The network, which describes itself as "independent", was set up over a year ago by Rachel Wolf, a former aide to Education Secretary Michael Gove, and has since been charged with overseeing applications for new schools from parents' and teachers' groups.
Another former special adviser to Mr Gove, Dominic Cummings, is also reported to be helping out on a voluntary basis.
Mystery surrounds the organisation's other sources of funding because it has refused to reveal the names of anonymous donors.
Campaigner for comprehensive schools Fiona Millar has already asked whether the charity will be able to give objective advice to parents, as organisations with a "vested drive" to remove education from local authorities are well represented among its advisers and trustees.
Sir Bruce Liddington, director of academy operator E-ACT, and Amanda Spielman, head of research and development at academy operator Ark Schools, sit on the board.
There are also concerns over the way in which the Government money was awarded to the charity. A Freedom of Information Act request asking whether the Government knew if any of the charity's funders had a commercial interest in free schools has gone unanswered.

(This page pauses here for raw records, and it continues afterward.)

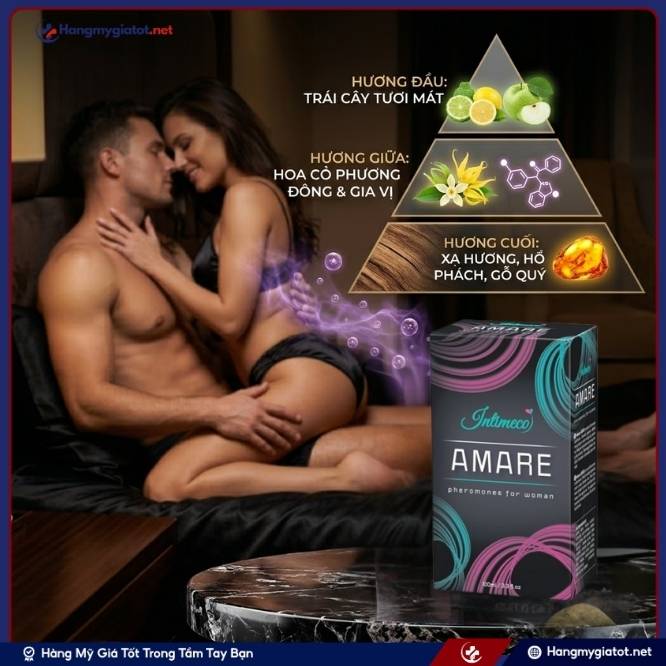 Thành phần nước hoa kích thích AMARE 100ml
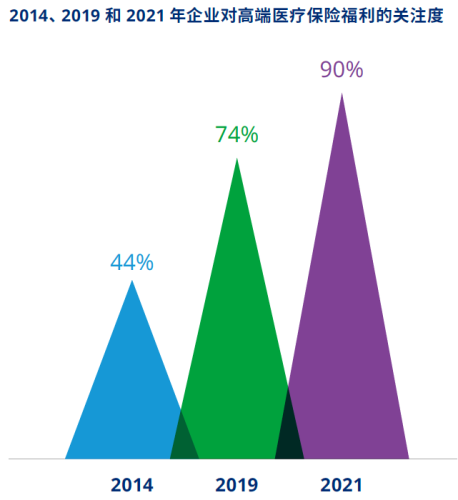 1、对高端医疗保险福利的关注度.png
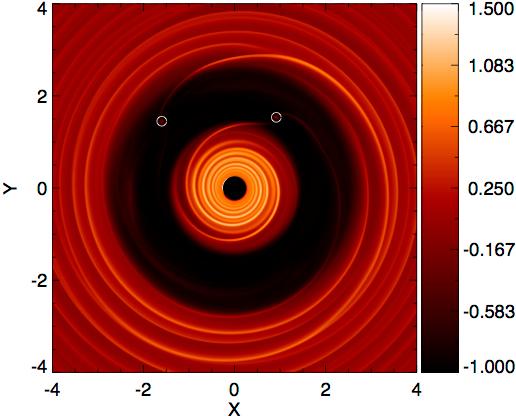 Formowanie się planet skalistych Proto-Jowisz migruje do wewnątrz osiągając orbitę o promieniu ok.1,5 j.a., następnie dołącza do niego Saturn i obie planety zostają złapane w rezonans orbitalny 2:3.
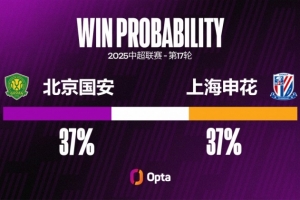 北京國(guó)安近12次在北京迎戰(zhàn)上海申花保持全勝，且進(jìn)球均超過1粒
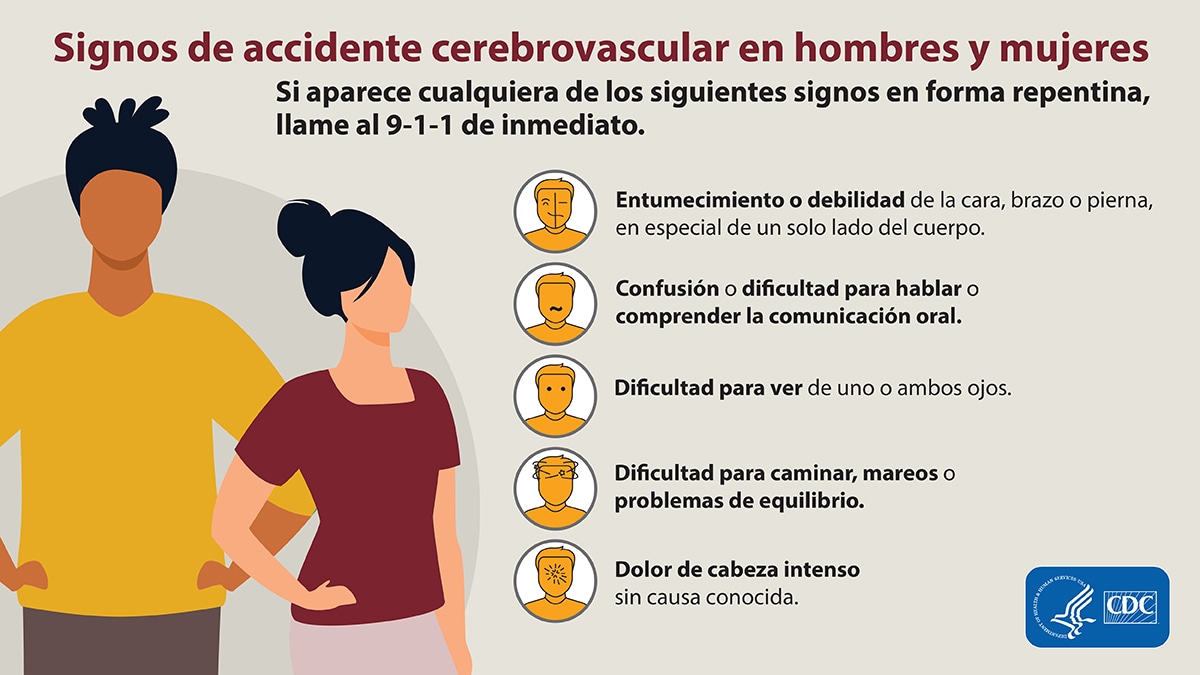 Infografía con los signos de accidente cerebrovascular, que se encuentran justo arriba de esta imagen.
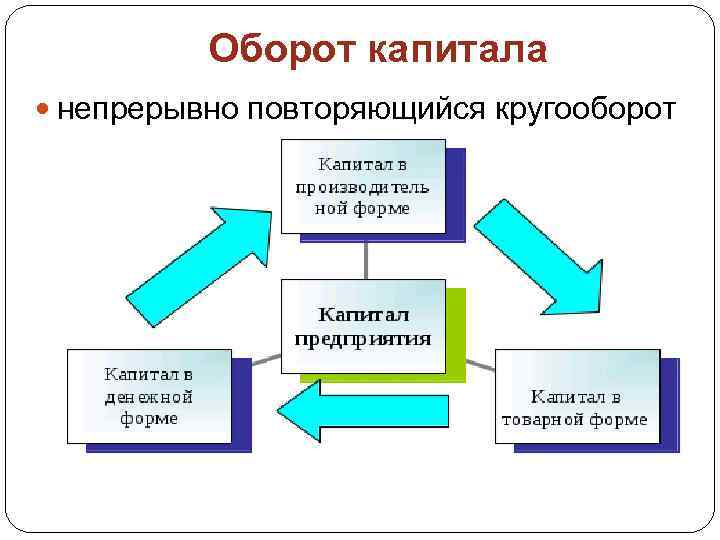 Оборот капитала непрерывно повторяющийся кругооборот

Mary Bousted, general secretary of the Association of Teachers and Lecturers, whose union put forward the motion to the TUC, said: "They have been given half a million pounds by this Government to go around brokering free schools and it's quite obvious that this organisation is absolutely hand-in-glove with the Conservative party.
"Michael Gove and Rachel Wolf say the schools will be set up and run by teachers and parents, but what will happen is private companies will come in and make a profit."
Hank Roberts, an anti-academies campaigner, said it was an "outrageous situation" that a charity was allowed to be engaged in an "overtly political agenda".
Ms Wolf responded to the accusations by saying the charity was non-partisan and dedicated to helping children, particularly in poorer areas, to get a good school.
"It is a shame that some union leaderships seem unable to see educational improvement outside the prism of party politics," she said.
A spokesman for the Department for Education said: "New Schools Network is a charity like numerous others that the Department has relationships with. Any grants will be made in accordance with the standard rules."
700 - Expressions of interest in setting up schools made by June 2010
50% - Proportion of enquiries said to be from teachers
62 - Formal applications received
220,000 - Tory pre-election proposal of free schools to create over ten years.